Legacy of the Destroyer Escort
After World War II, some DEs continued to serve in the U.S. Navy, frequently as training ships for the Naval Reserve. During the 1950s, some 36 DEs underwent conversion to radar pickets (DER) and were used, aside from fleet duties, as part of the Cold War’s DEW (Distant Early Warning) Line intended to protect the United States from surprise nuclear attack. Still other DEs went to foreign navies, in which some steamed on into the 1990s.
Though 563 DEs were built at U.S. shipyards during World War II—in itself an amazing industrial achievement—they have virtually disappeared today. A happy exception is the Cannon-class USS Slater (DE-766) operated as a floating museum and memorial on the Hudson River in Albany, New York. Lovingly restored by a dedicated group of professionals and volunteers, the Slater is the best example of a World War II DE to be found anywhere today. Step aboard DE-766 at Albany and step back in time to 1945—from the silverware and china laid out in the officer’s wardroom, to the virtually complete armament suite that includes depth charges and hedgehog projectors, 3-inch/50-caliber deck guns, and 20mm and 40mm antiaircraft mounts that seem ready to swing into action. Exploring this 309-foot warship, the visitor sees the Slater through the eyes of a World War II crewman. From the fully outfitted bridge and pilot house to the damage control lockers and living spaces, she appears ready to join a convoy under way.

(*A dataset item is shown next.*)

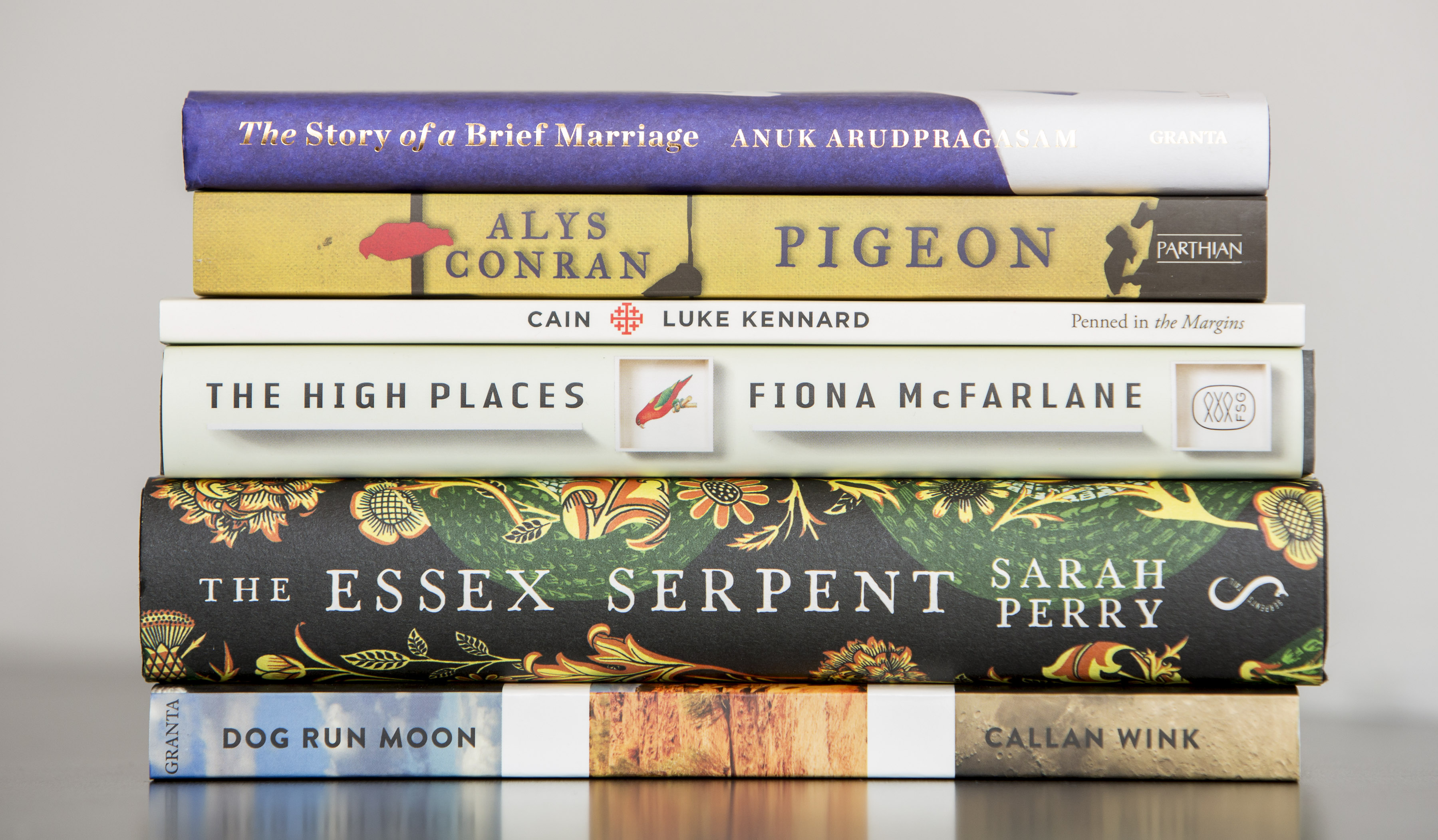 International Dylan Thomas Prize 2017 shortlist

The approach to the problem of the U-boat menace in World War II, largely embodied in the mass production of destroyer escorts, was a tribute to the capabilities of American industry and to Allied resolve. The place of DEs in the naval history of World War II, however, goes far beyond the Battle of the Atlantic, for these were extremely versatile ships. DEs and their crews took on a myriad of tasks in every theater of the war and succeeded far beyond what the designers of the little ships had ever imagined.